Yasalar nasıl ki değişebiliyorsa özellikle bu husus da kesin yeni yasalar gelmeli. Özellikle polislerimize biraz daha fazla yetki verilmeli bu konuda.

Kadına şiddetin her türlüsü sadece yasa ile de önlenemez. Çocuklarımıza küçük yaşta okulda ders olarak verilmeyen ve sadece ailenin sağlayacağı merhametlik duygusu aşılanmalı. Çocuk aile içinde babasını her daim kendine rol olarak görecektir. Burada işin büyük kısmı babalara düşüyor. Dolayısıyla aile içindeki davranışlar çocuğun üzerinde bilinç altına olumsuz mesajlar gönderebiliyor ya da olumlu bu tamamen bizim elimizde.
Şiddet sadece bunlarla sınırlı değil tabi ister fiziksel ister ekonomik ya da psikolojik olsun bir bütün olarak görmek gerekir. İnanın X platformunda fiziki şiddet uygulayan videolara denk geldiğimde çoğumuz izleyemiyorken bile bu nasıl bir kin nasıl bir sinir ya da nasıl bir intikam ki insanlıktan çıkartabiliyor. 

Birleşmiş Milletler tarafından 1999 yılında alınan kararla 25 Kasım Kadına Yönelik Şiddetle Uluslararası Mücadele Günü olarak kabul edilse de hatta 8 Mart Dünya Kadınlar Günü, Anneler Günü gibi önemli günlerle bazı şeyler daha ayrıntılı anlatılsa da ne yazık ki azalan bir şiddet göremiyoruz. İşten çıkıp evine yetişmeye çalışırken tacize uğrayan o kadar çok haber var ki hele de şu sıralar. Belediye otobüsleri akşam 22:00 den sonra kadınları durak da değil isterse yol üzeri ise evinin önünde indirecek denildi.
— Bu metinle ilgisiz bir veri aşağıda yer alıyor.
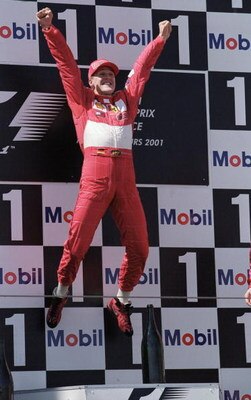 1 Jul 2001:  Michael Schumacher of Germany and Ferrari jumps for joy on the podium after winning the French Formula One Grand Prix at Magny Cours in France \ Mandatory Credit: Mark Thompson /Allsport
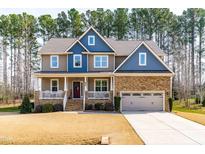 Charming two-story home with stone accents, covered porch, and attached two-car garage at 50 Lockamy Ln, Youngsville, NC 27596
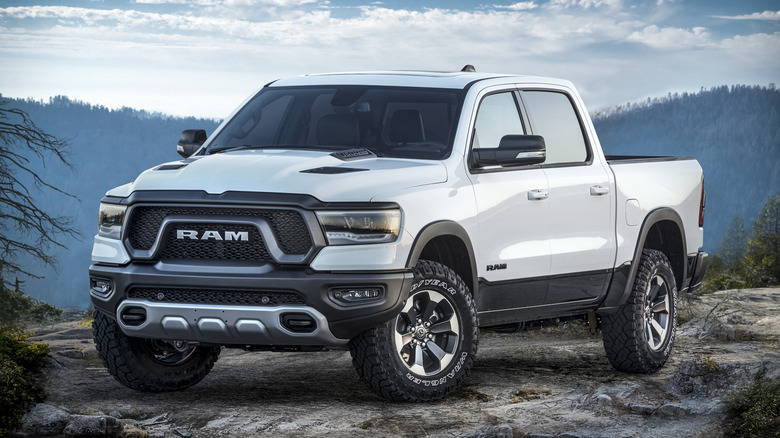 A white 2019 Ram 1500 Rebel on a rocky road, mountains in the back.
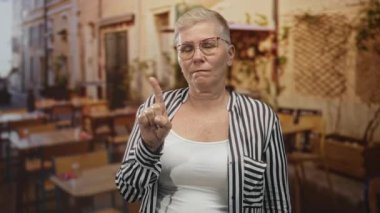 Çizgili tişörtlü ve gözlüklü bir kadın dışarıdaki kalabalık bir caddedeki restoran terasından işaret parmağıyla işaret ediyor..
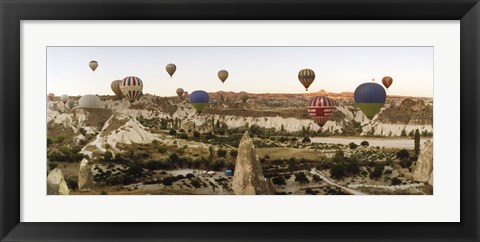 Framed Mulit colored hot air balloons at sunrise over Cappadocia, Central Anatolia Region, Turkey Print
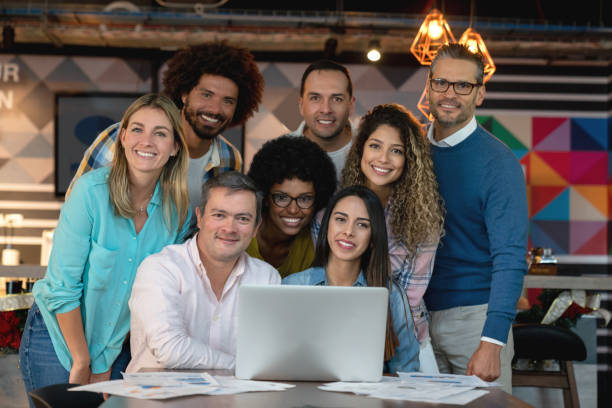 istock Diverse team of professionals at a coworking space all facing camera smiling while working with a laptop and documents 1133804306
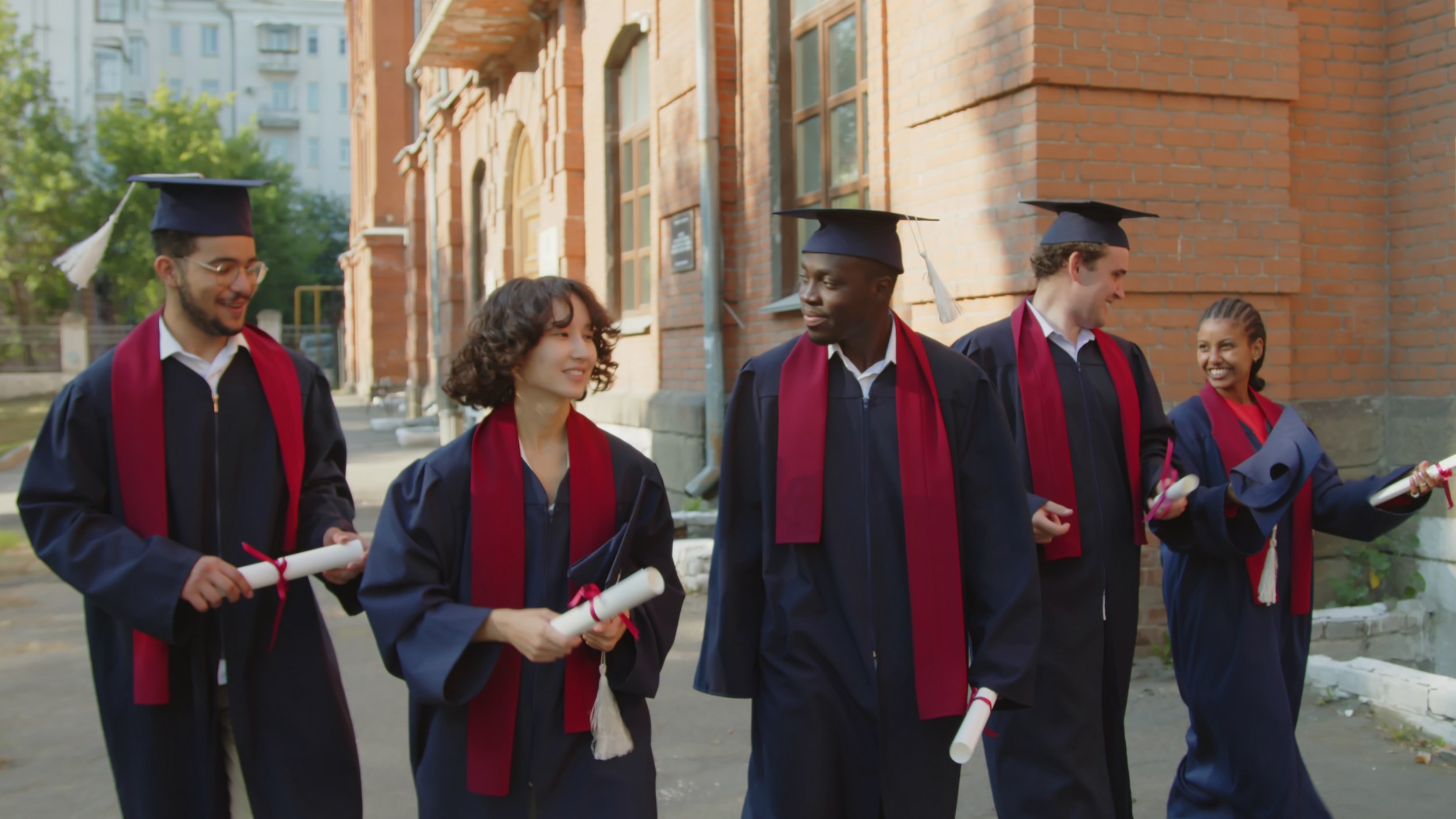 medium-long-tracking-shot-of-diverse-team-of-graduated-students-in-gowns-and-hats-comm-SBI-351050677.jpg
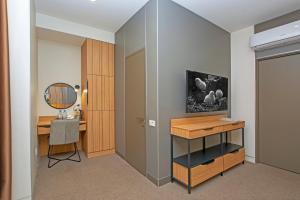 Zimmer mit einem Schreibtisch und einem Spiegel in der Unterkunft Cartez Hotel in Yerevan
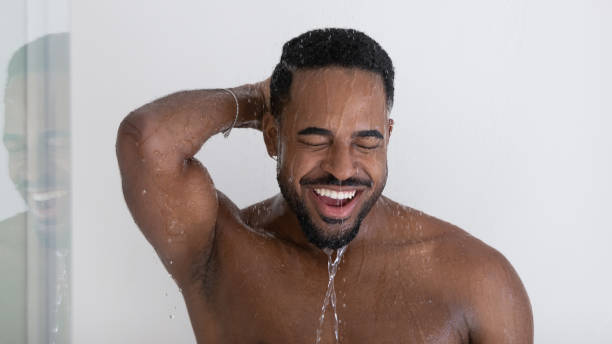istock Head shot portrait African man take shower 1404502156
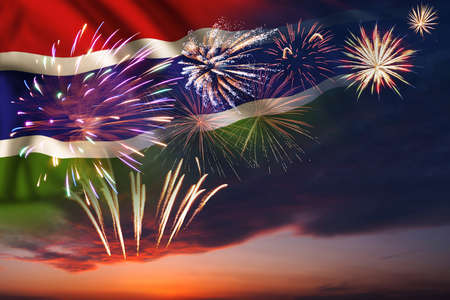 Majestic fireworks in evening skyHoliday night sky with fireworks and flag of Gambia for Independence dayの写真素材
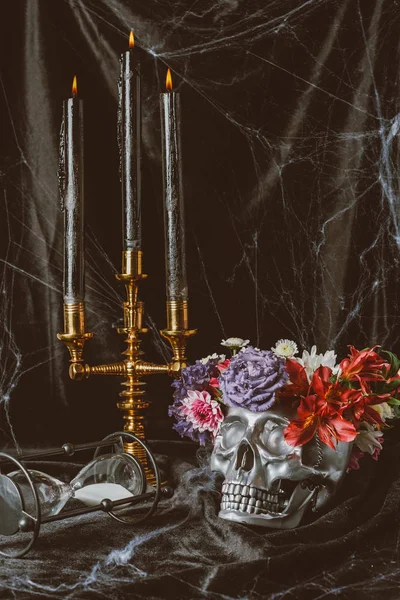 Clessidra, teschio in argento con fiori e candelabro con candele su tela nera con ragnatela, decorazioni per Halloween — Foto stock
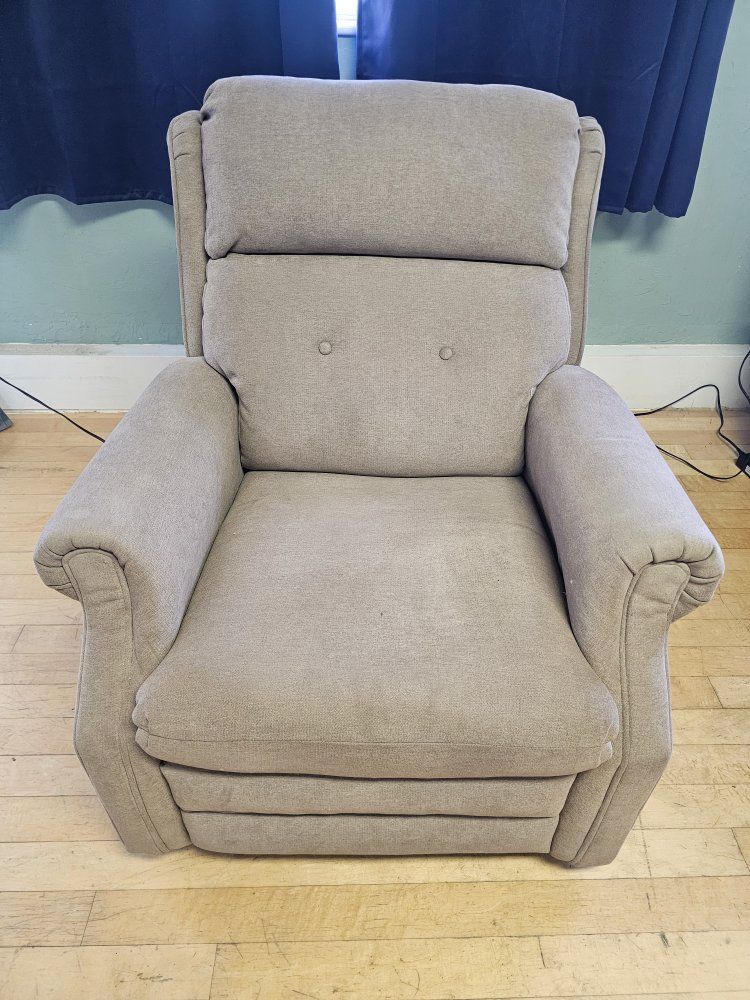 Brown cloth rocker/ electric recliner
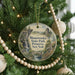 A round ornament hanging on a Christmas tree, featuring a scenic landscape with a castle, trees, and a waterfall.
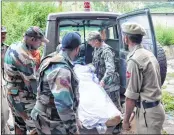  ?? AFP ?? Army personnel and policemen move the body of martyred soldier on Monday in the Bhimber Gali sector of Rajouri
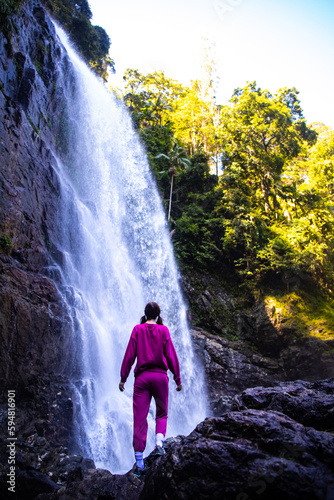 close up on a beautiful, brave, long haired girl standing in front of a large waterfall in australian rainforest, red cedar falls in dorrigo national park, new south wales, between brisbane and sydney photo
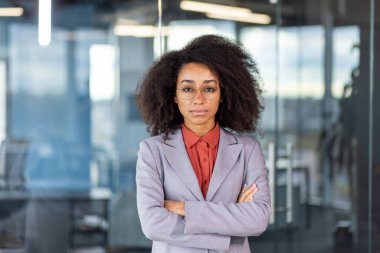 Ofiste gözlüklü ve takım elbiseli, kollarını göğsüne dolayıp kameraya ciddi ciddi bakan kendinden emin ve başarılı bir Afrikalı Amerikalı iş kadınının portresi..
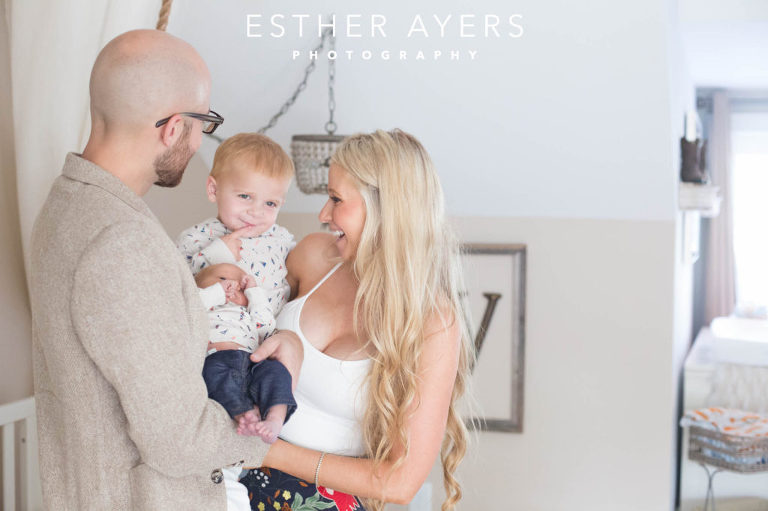 Newborn Baby Boy with Mom and Dad and big brother in Nursery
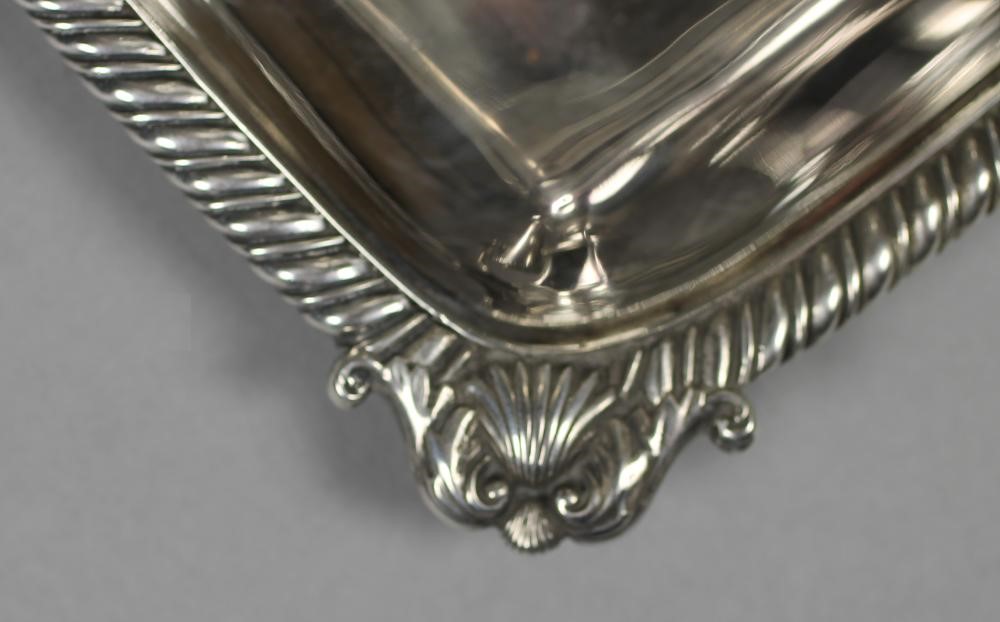 A LATE GEORGE III SILVER CHAMBERSTICK Image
Ama bunlar da çözüm olmadığı gibi halkın tacizcileri linç gitişimlerinden bile kimse ders almıyor. İşte tam da burada yasaların devreye girmesi gerektiğinin altını bir kez daha çizmek gerekir.

1930 yılından itibaren çıkarılan bir dizi yasa ile öncelikle Belediye seçimlerine katılma ardından köylerde muhtar olma, ihtiyar meclislerine seçilme hakkı tanınan kadınların milletvekili seçme ve seçilme hakları 5 Aralık 1934'te Anayasa ve Seçim Kanunu ile yasallaştı. Yine net çizgilerin çekildiği bir yasa şart. Zorla evlendirmeler ve töre cinayetlerin de önüne geçmek gerekir. Akraba evliliği belki önlenirse bir nebze bunun da önüne geçilebilir. Öncelikle kadınlara yapılan haksızlıkları artık kökünden çözebilmek için temel ve somut adımlar atmak gerekiyor. Benim bu konuda gelecek nesillere yarınlara dair umudum var. Yeter ki herkes üzerine düşen sorumluluğun farkında olsun.